Look through the entries below and copy exactly the part that begins with the line containing "Bruce Bolt PREMIUM" and ends with the line containing "Mpow BH456 Bluetooth". Do not copy the pictures.

▶ **Image-caption web data**:
***
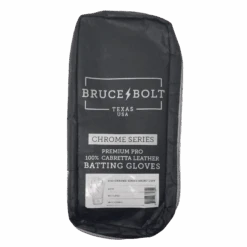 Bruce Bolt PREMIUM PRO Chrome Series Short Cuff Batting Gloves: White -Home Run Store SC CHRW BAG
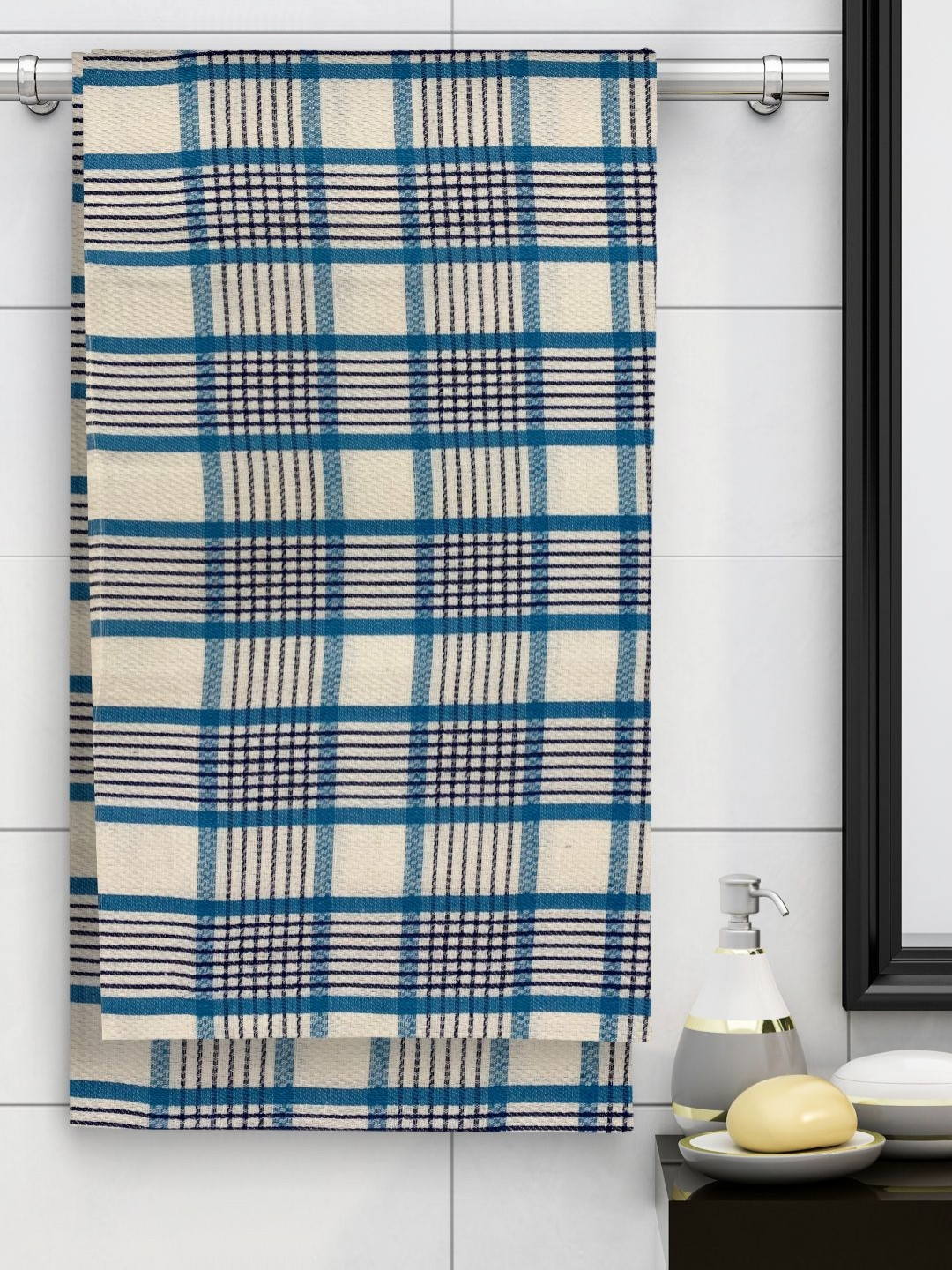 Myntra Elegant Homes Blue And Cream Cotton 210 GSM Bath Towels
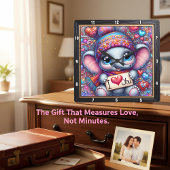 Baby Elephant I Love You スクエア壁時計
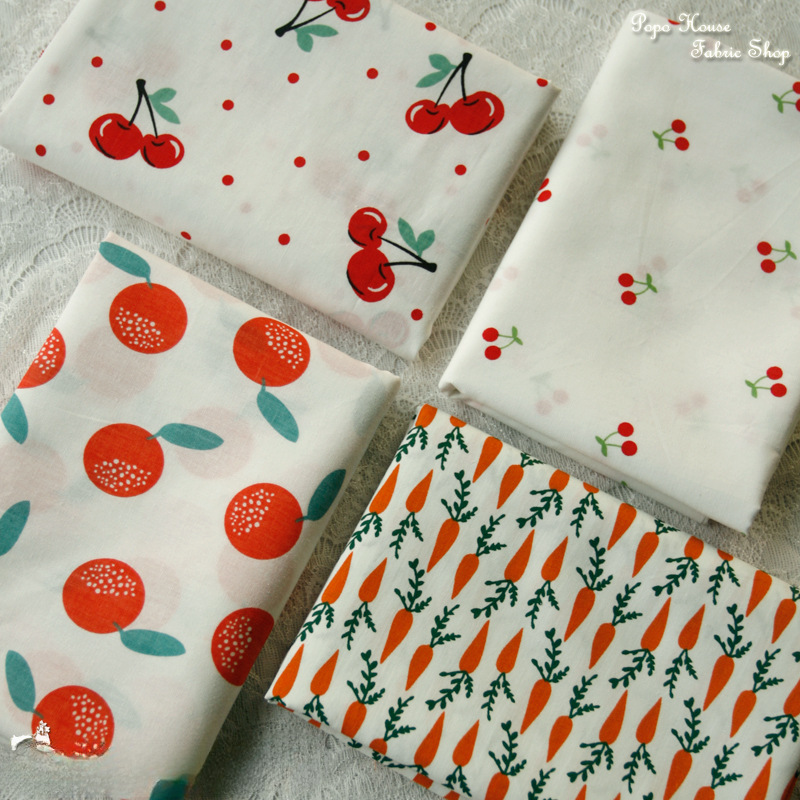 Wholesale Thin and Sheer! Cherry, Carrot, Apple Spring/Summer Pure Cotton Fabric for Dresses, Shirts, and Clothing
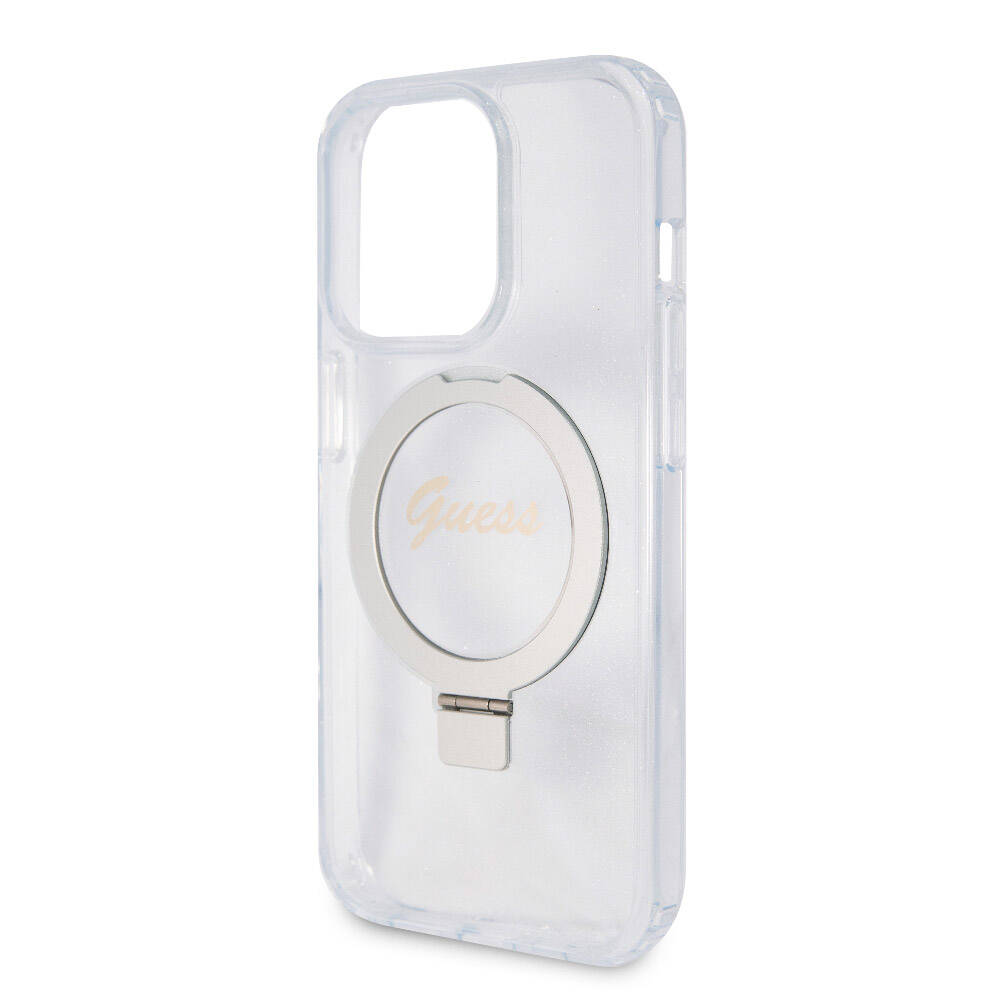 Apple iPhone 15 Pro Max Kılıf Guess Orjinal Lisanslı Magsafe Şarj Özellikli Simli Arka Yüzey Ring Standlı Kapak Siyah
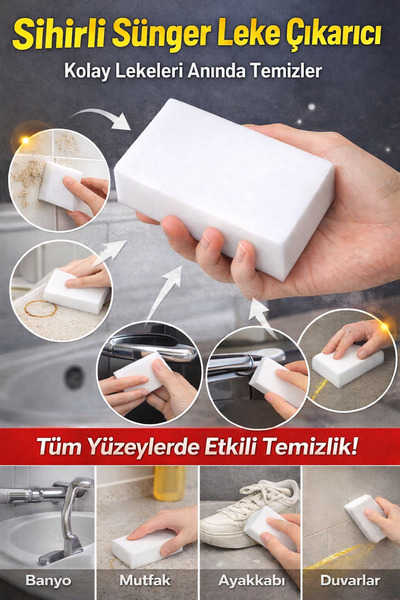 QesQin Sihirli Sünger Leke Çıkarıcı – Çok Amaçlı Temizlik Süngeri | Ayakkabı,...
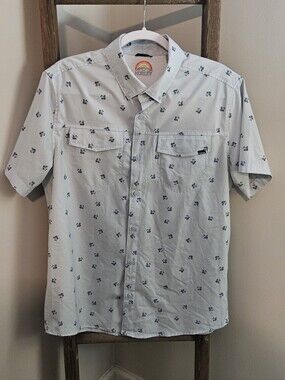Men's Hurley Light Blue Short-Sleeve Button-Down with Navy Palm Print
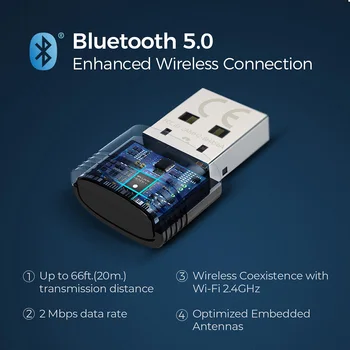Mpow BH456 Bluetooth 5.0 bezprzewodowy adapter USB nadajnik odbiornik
***
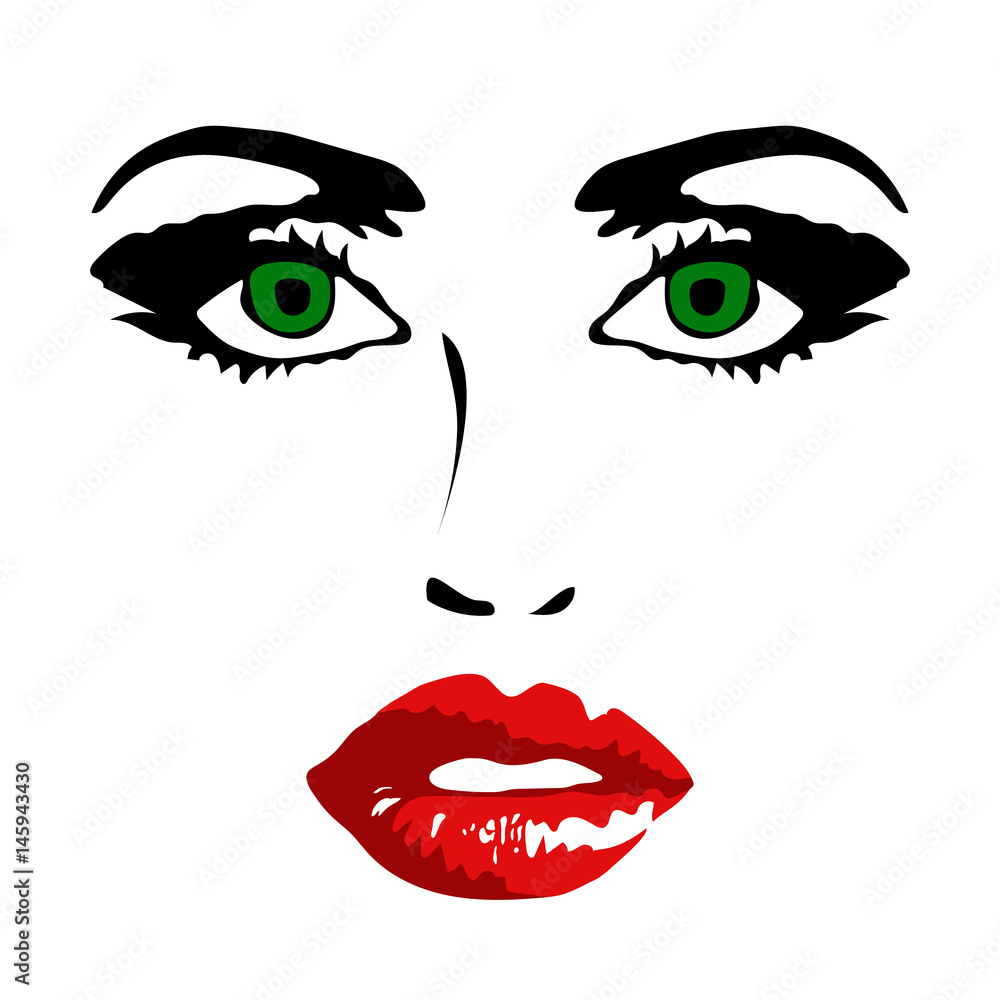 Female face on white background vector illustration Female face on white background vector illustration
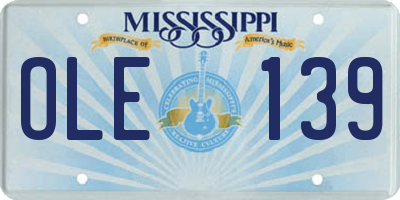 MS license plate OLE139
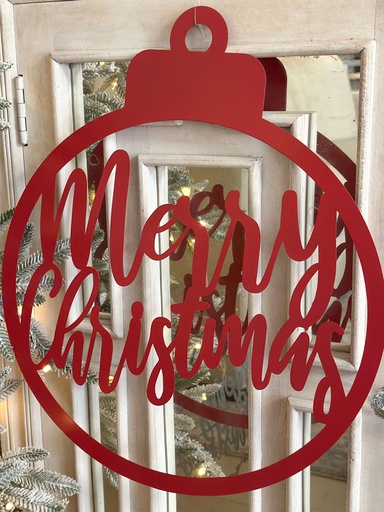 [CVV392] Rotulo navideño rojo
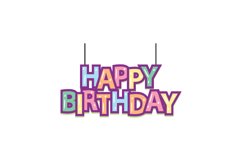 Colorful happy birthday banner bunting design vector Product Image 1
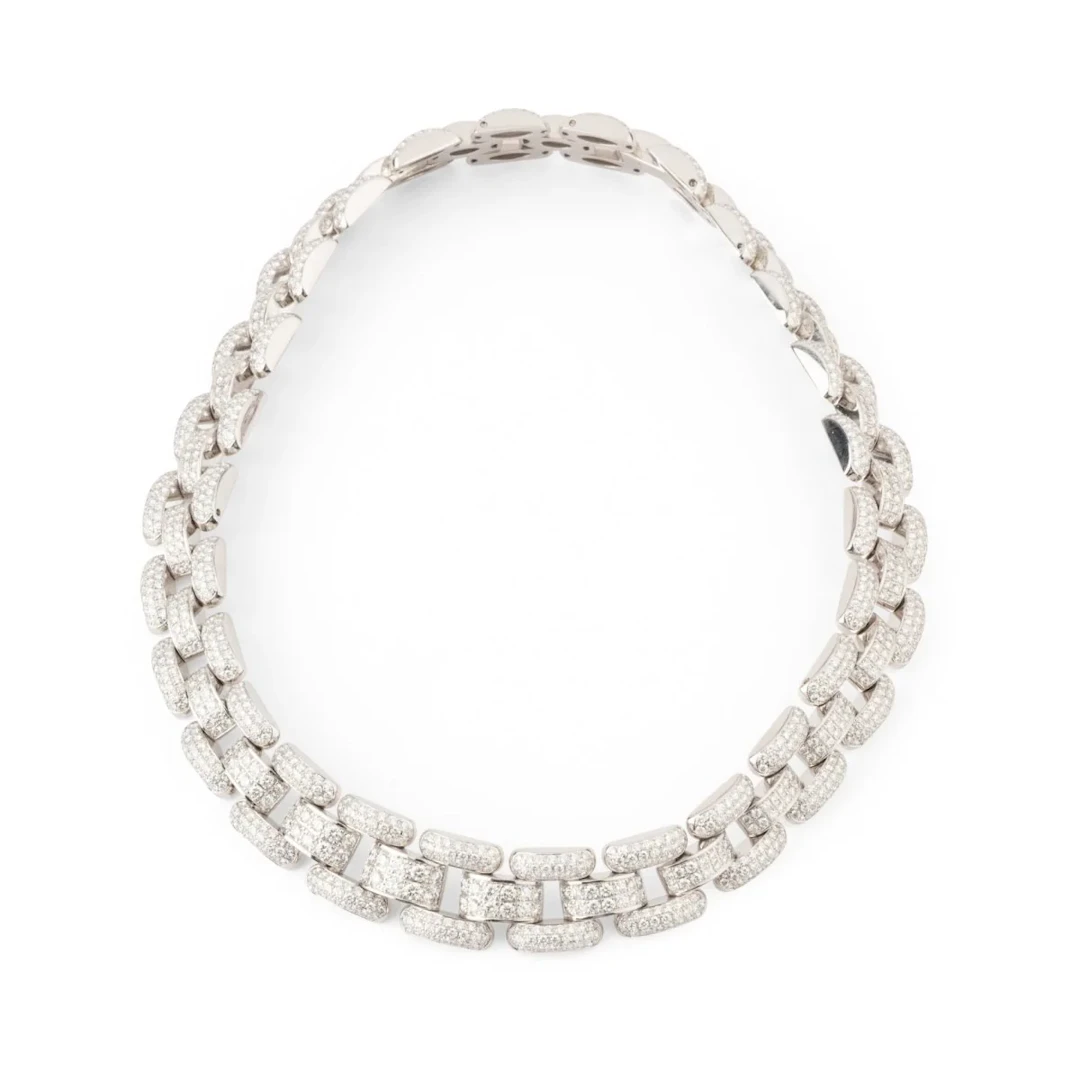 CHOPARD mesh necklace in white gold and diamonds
***
▶ **TASK ANSWER**:
 Bruce Bolt PREMIUM PRO Chrome Series Short Cuff Batting Gloves: White -Home Run Store SC CHRW BAG
 Myntra Elegant Homes Blue And Cream Cotton 210 GSM Bath Towels
 Baby Elephant I Love You スクエア壁時計
 Wholesale Thin and Sheer! Cherry, Carrot, Apple Spring/Summer Pure Cotton Fabric for Dresses, Shirts, and Clothing
 Apple iPhone 15 Pro Max Kılıf Guess Orjinal Lisanslı Magsafe Şarj Özellikli Simli Arka Yüzey Ring Standlı Kapak Siyah
 QesQin Sihirli Sünger Leke Çıkarıcı – Çok Amaçlı Temizlik Süngeri | Ayakkabı,...
Men's Hurley Light Blue Short-Sleeve Button-Down with Navy Palm Print
Mpow BH456 Bluetooth 5.0 bezprzewodowy adapter USB nadajnik odbiornik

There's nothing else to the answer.